== Try it ==
Transcribe exactly, and only, the lines from the one containing "Cushman CROCHET RAFFIA HAT 29215画像" through the end of the material.

== Collected data ==
━━━━━━━━━━━━━━━━━━━━

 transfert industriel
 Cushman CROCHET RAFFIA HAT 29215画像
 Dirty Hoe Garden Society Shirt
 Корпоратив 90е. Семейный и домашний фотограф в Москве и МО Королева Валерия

━━━━━━━━━━━━━━━━━━━━

== Expected answer ==
 Cushman CROCHET RAFFIA HAT 29215画像
 Dirty Hoe Garden Society Shirt
 Корпоратив 90е. Семейный и домашний фотограф в Москве и МО Королева Валерия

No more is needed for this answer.